Action item - When a line in the data below includes "with", pick it out and copy it.

Data for this exercise -
------------------------------------------------------------
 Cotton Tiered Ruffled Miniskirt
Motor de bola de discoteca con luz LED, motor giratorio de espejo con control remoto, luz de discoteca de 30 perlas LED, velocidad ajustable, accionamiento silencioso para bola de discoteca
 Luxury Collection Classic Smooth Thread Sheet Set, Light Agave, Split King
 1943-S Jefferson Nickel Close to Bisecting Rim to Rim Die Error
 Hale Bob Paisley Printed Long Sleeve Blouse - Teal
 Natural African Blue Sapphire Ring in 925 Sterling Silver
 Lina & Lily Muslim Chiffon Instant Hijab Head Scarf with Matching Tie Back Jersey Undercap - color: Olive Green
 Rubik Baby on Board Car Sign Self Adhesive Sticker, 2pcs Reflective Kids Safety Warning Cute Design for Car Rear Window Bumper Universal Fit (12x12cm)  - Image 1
------------------------------------------------------------
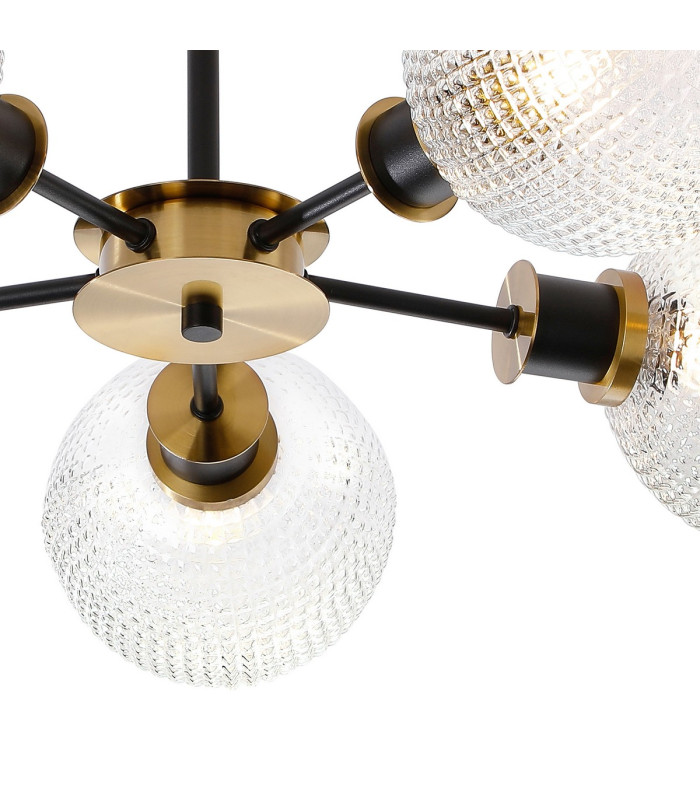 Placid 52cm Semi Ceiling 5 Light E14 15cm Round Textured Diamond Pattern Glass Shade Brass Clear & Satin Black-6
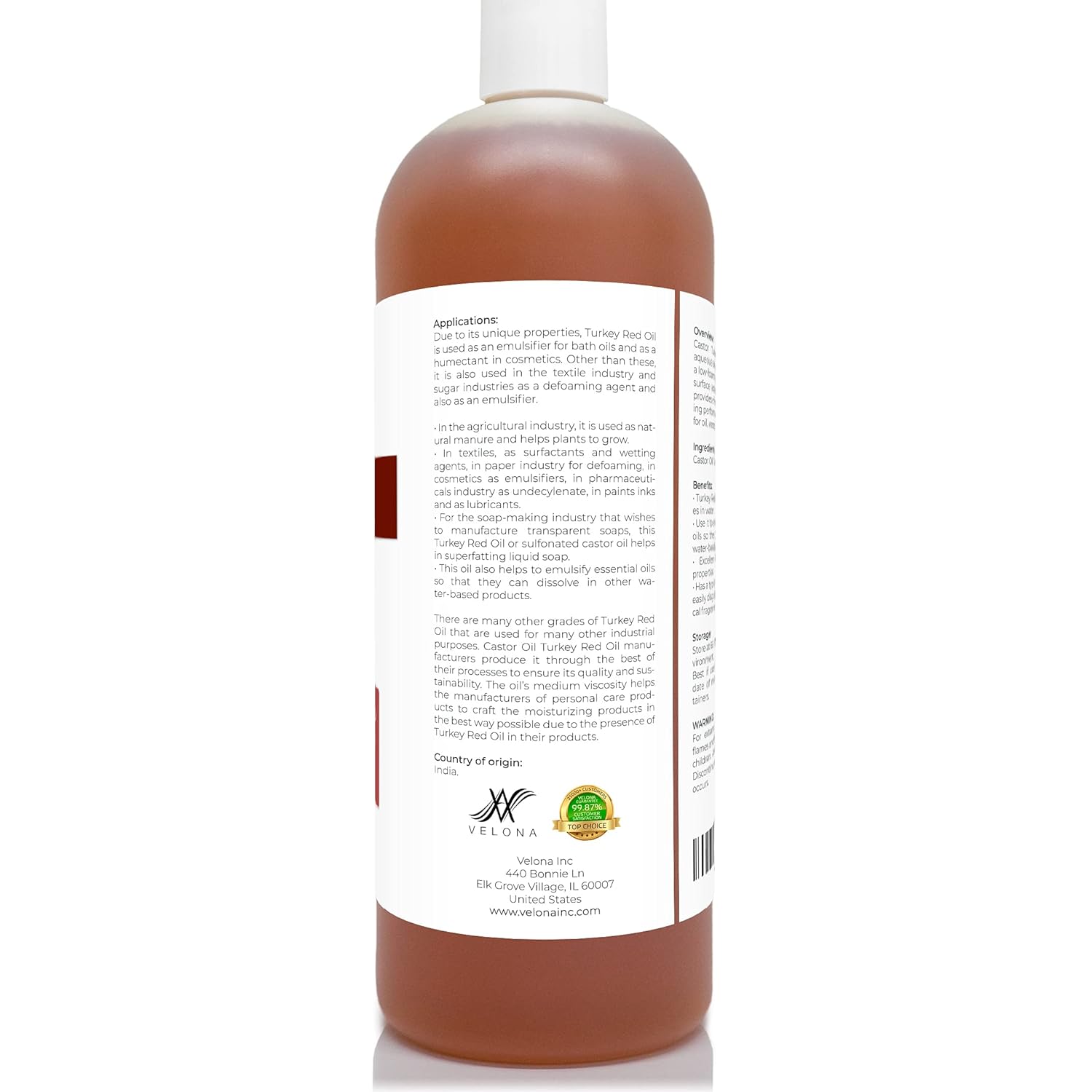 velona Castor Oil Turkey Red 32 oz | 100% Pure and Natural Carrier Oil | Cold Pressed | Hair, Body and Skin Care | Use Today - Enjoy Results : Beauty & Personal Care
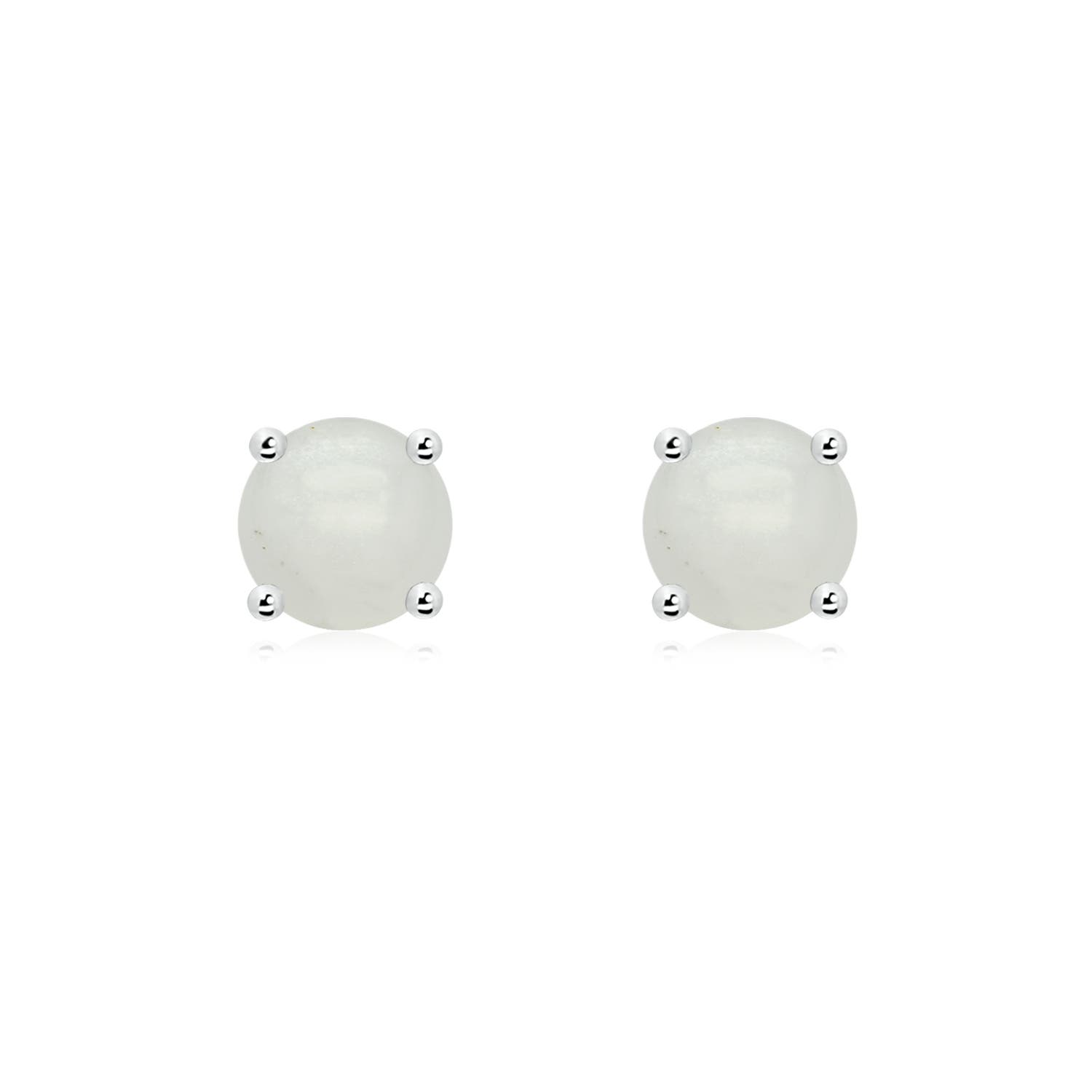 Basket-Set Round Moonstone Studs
------------------------------------------------------------
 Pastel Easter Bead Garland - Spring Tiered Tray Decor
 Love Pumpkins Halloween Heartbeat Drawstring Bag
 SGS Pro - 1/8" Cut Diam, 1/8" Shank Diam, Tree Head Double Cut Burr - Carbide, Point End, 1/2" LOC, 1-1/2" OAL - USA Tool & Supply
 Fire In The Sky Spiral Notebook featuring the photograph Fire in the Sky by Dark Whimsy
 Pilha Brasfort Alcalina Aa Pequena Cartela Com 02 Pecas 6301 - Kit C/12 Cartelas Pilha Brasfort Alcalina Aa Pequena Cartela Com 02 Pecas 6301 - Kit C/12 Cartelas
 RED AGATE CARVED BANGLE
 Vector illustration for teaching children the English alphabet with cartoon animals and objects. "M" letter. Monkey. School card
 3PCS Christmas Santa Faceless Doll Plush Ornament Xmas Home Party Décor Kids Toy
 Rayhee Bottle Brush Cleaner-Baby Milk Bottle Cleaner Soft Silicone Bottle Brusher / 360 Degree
------------------------------------------------------------
Result below -
 Lina & Lily Muslim Chiffon Instant Hijab Head Scarf with Matching Tie Back Jersey Undercap - color: Olive Green
 Vector illustration for teaching children the English alphabet with cartoon animals and objects. "M" letter. Monkey. School card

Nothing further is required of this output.